***** Given records

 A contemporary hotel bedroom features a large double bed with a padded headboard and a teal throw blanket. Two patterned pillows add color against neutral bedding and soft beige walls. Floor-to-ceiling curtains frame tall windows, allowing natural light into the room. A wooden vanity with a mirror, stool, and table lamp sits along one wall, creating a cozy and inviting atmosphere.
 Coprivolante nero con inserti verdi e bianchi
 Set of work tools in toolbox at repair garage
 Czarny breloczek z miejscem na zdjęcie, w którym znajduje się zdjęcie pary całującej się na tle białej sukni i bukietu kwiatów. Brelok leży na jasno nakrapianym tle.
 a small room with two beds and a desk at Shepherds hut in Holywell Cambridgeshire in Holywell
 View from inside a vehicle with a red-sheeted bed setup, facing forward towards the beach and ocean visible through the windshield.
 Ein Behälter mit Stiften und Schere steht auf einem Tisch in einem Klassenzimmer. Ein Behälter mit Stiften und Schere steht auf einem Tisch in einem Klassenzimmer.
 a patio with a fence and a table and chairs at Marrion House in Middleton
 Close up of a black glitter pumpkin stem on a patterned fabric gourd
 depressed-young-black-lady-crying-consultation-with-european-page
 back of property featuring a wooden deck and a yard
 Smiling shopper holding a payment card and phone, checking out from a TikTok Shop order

**********

Gather from the records above every line containing the string "with".

 A contemporary hotel bedroom features a large double bed with a padded headboard and a teal throw blanket. Two patterned pillows add color against neutral bedding and soft beige walls. Floor-to-ceiling curtains frame tall windows, allowing natural light into the room. A wooden vanity with a mirror, stool, and table lamp sits along one wall, creating a cozy and inviting atmosphere.
 a small room with two beds and a desk at Shepherds hut in Holywell Cambridgeshire in Holywell
 View from inside a vehicle with a red-sheeted bed setup, facing forward towards the beach and ocean visible through the windshield.
 a patio with a fence and a table and chairs at Marrion House in Middleton
 depressed-young-black-lady-crying-consultation-with-european-page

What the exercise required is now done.